YOUR INSTRUCTIONS ▸
Give the number of lines in these entries that contain "There", and nothing more.

INFORMATION PROVIDED ▸
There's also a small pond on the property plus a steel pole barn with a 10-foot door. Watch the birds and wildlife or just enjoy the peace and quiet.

==

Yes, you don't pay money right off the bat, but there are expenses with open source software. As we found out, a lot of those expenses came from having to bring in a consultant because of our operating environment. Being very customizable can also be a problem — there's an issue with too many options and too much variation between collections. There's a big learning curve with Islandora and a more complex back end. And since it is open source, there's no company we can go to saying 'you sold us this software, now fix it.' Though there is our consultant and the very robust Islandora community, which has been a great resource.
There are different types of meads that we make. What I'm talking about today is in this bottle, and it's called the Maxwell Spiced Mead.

...

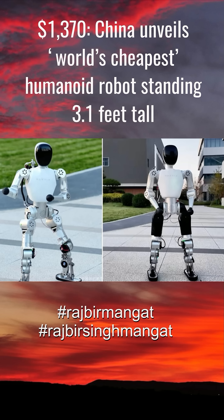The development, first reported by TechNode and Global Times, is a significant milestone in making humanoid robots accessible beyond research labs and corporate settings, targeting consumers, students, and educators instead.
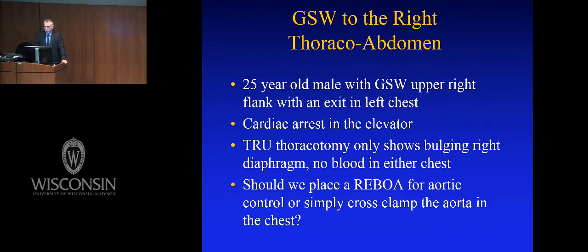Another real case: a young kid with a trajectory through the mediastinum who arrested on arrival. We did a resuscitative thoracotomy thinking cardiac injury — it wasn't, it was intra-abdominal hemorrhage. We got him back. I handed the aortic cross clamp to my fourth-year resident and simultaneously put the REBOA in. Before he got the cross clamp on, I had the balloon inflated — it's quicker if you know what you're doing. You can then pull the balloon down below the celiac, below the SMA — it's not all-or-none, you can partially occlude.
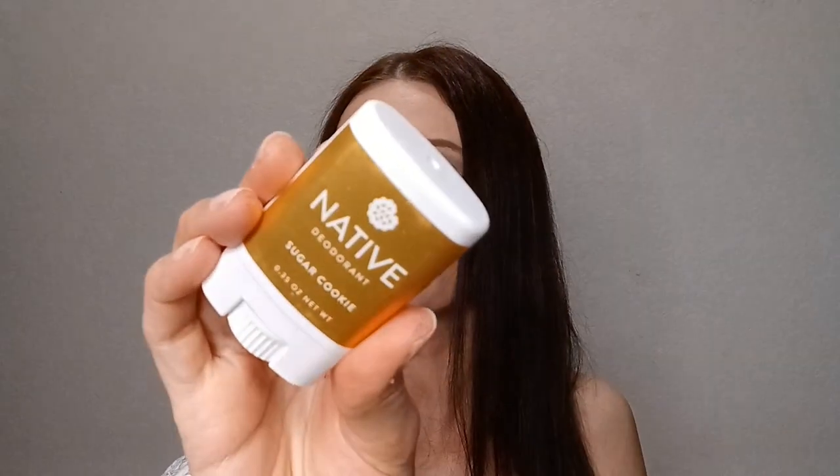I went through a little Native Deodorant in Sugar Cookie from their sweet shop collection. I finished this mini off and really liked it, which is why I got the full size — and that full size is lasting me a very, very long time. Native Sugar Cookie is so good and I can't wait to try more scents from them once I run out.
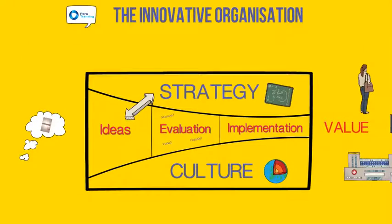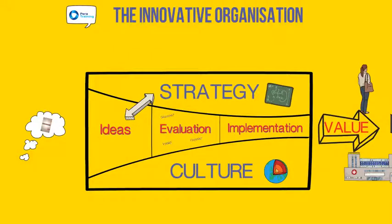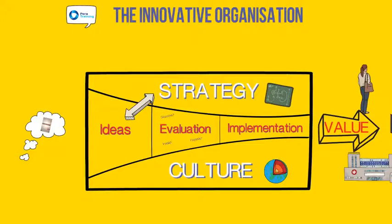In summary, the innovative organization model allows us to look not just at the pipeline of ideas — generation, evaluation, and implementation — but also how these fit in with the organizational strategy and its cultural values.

COMPLETED EXERCISE ▸
3